Log:
- We met 4-8:30 pm and read through Neel Nanda’s replication.
- Key insight: The encoder stores representations of features, while the decoder stores the feature directions themselves.
- Key insight: The MLP hidden layer has 75% of it in the null space of the projection W_out. Maybe it’s better/more efficient to train on the post-W_out.
- Key insight: High kurtosis = heavy tails, which indicates a privileged basis, because it means non-normal aka rotation dependent decoder weights.
- Question: What is going on with Neel’s low-frequency features?? It’s the same direction across seeds!
Next todos:
- Read various papers (on own time). Also read about RLHF.

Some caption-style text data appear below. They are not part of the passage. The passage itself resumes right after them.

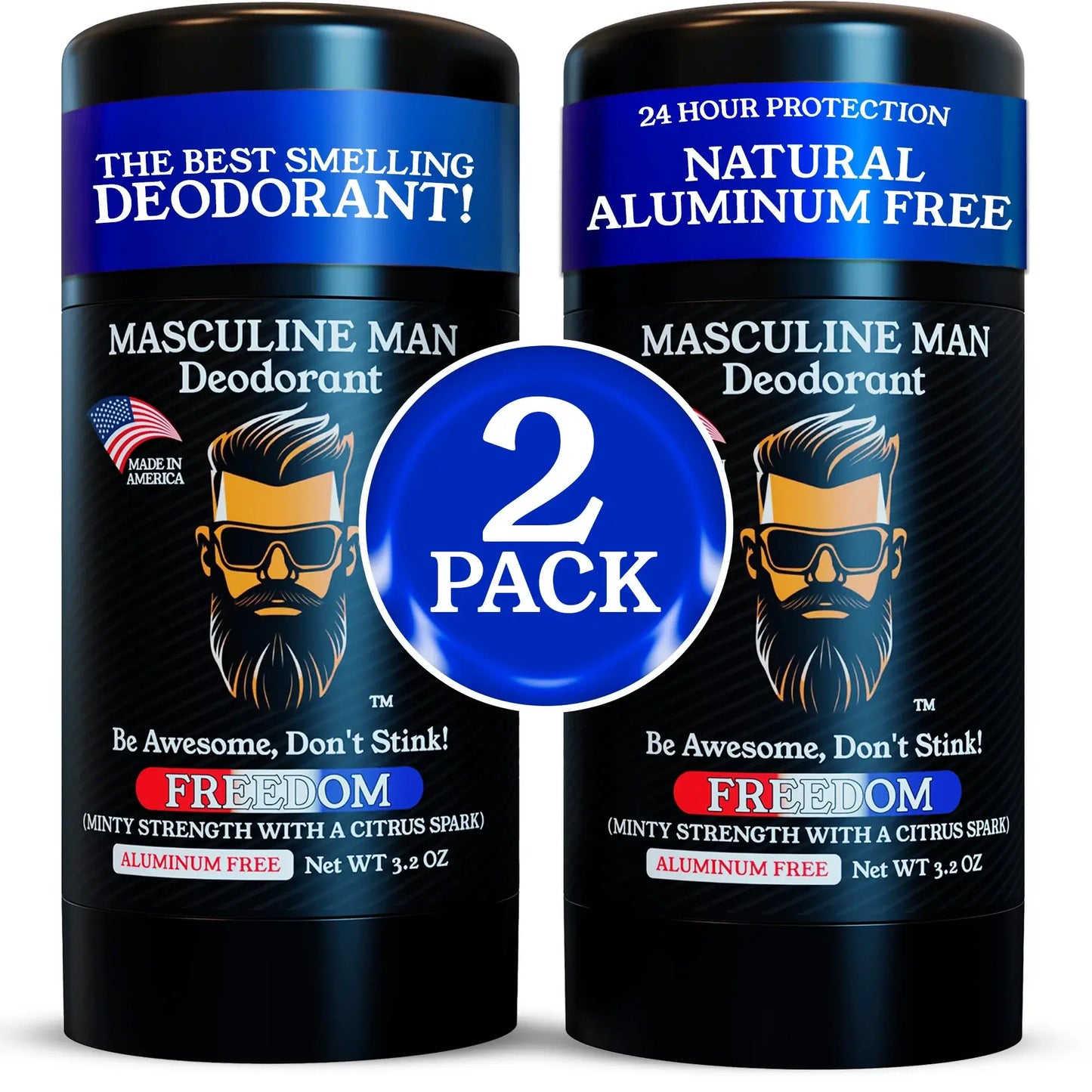 FREEDOM (2 Pack)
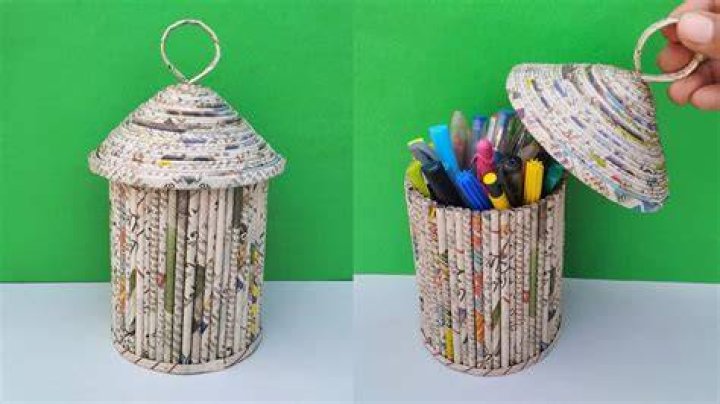 Can newspaper be recycled easily?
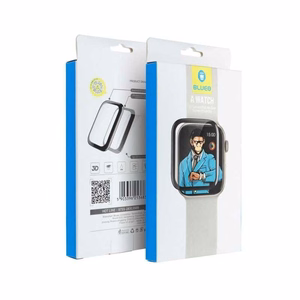 5D Mr. Monkey Aizsargstikls - Apple Watch Ultra / Ultra 2 / Ultra 3 melns (Strong HD)
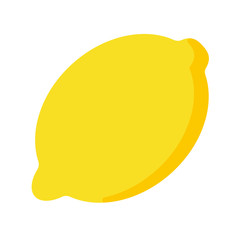 lemon simple art geometric illustration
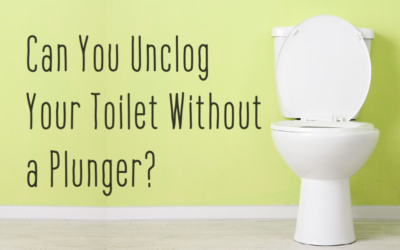 Can You Unclog Your Toilet Without A Plunger?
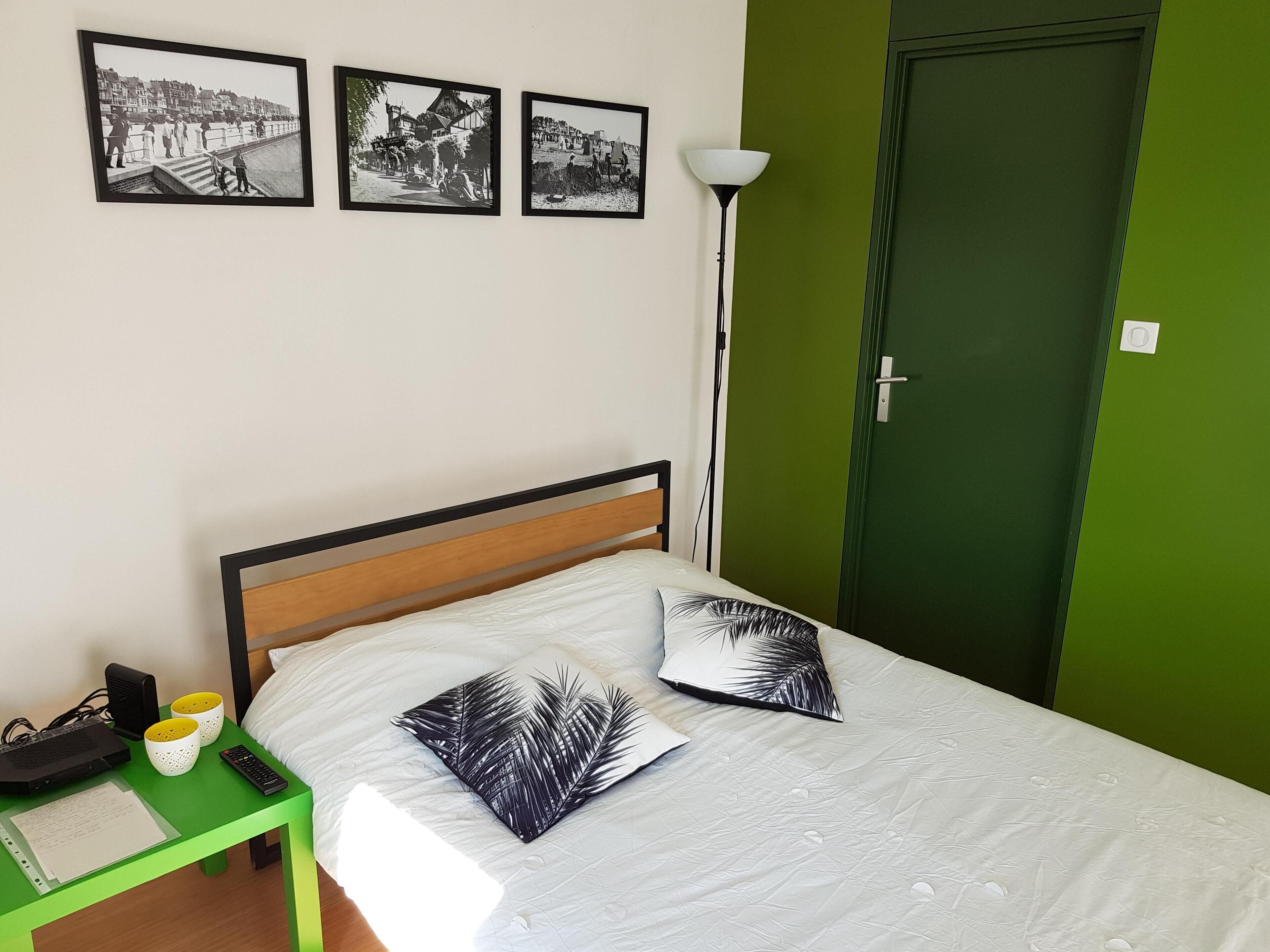 1 slaapkamer, reisbedje, gratis wifi, rolstoeltoegang
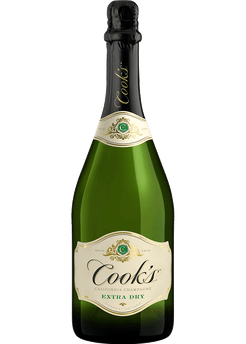 Cook's Champagne Extra Dry | Champagne & Sparkling Wine by Cooks | 750ml | California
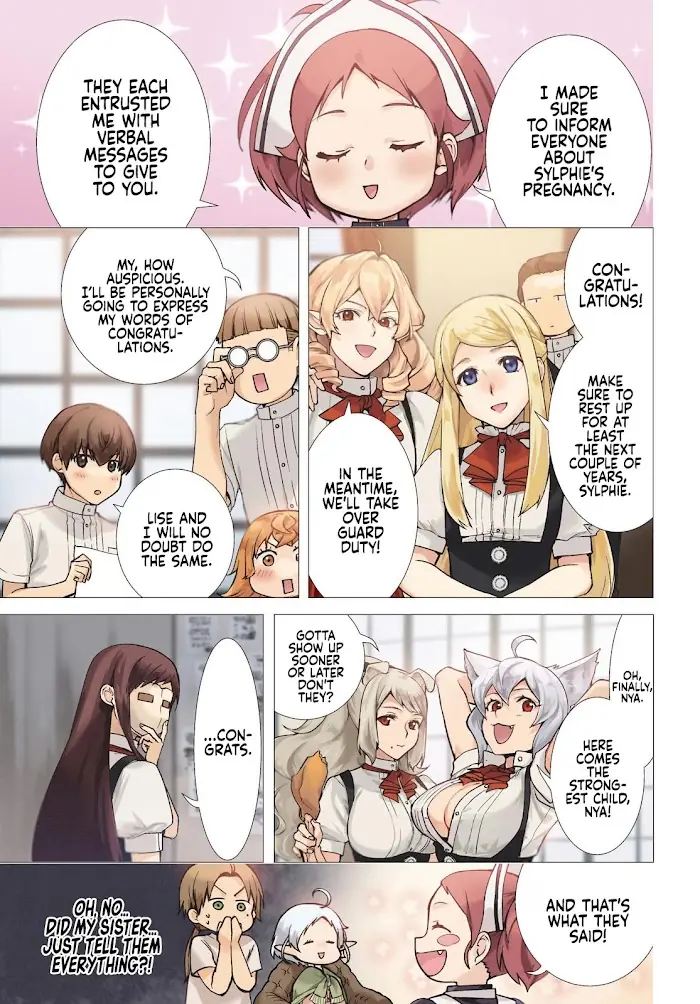Mushoku Tensei - Chapter 97 - Page 3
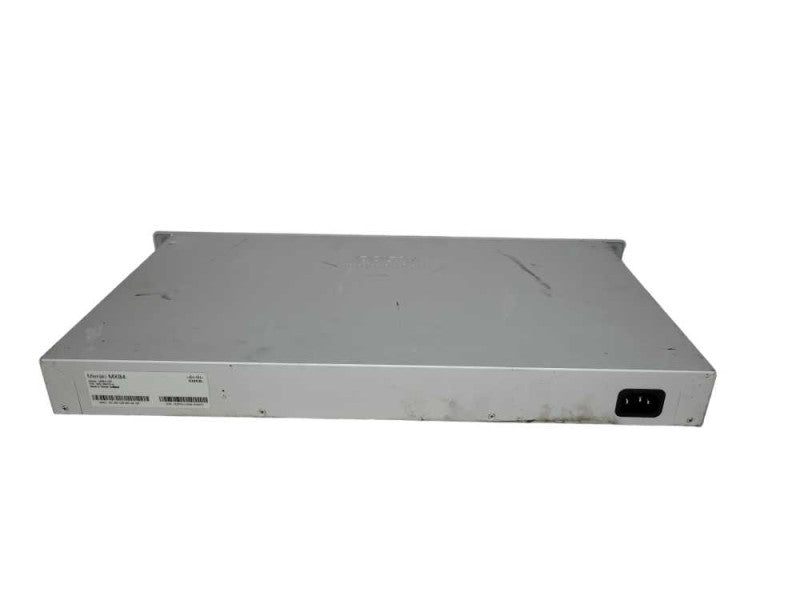 Cisco Meraki MX84-HW Cloud Managed Security Appliance Firewall Unclaimed Q%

https://github.com/neelnanda-io/1L-Sparse-Autoencoder
- Use Neel’s scrappy code to train a sparse autoencoder for a Pythia-70m model. This should be short! Let’s train it on W_out. Then, put the autoencoder on Hugging Face, and load it in Neel’s colab!! And interpret it, look for chess features.
- We have Thursday, Friday, maybe Saturday, and maybe Monday for Naomi only
- Train on a 6-billion parameter model next (on Friday?). This might require getting Pro+.
Naomi’s plans:
- Explain why we’re working on sparse autoencoder + RLHF. We want to make an interpretable RLHF. Explain what our ideas are and why we’re working on them.
- Explain the progress we’ve made so far, and why we’re working on it.
- Have opinions about the paper.
- Be prepared to talk about things I’ve done for HAIST. Tell particular details, but for 1.5 minutes. Then tell a different story for 1.5 minutes. High-density interview!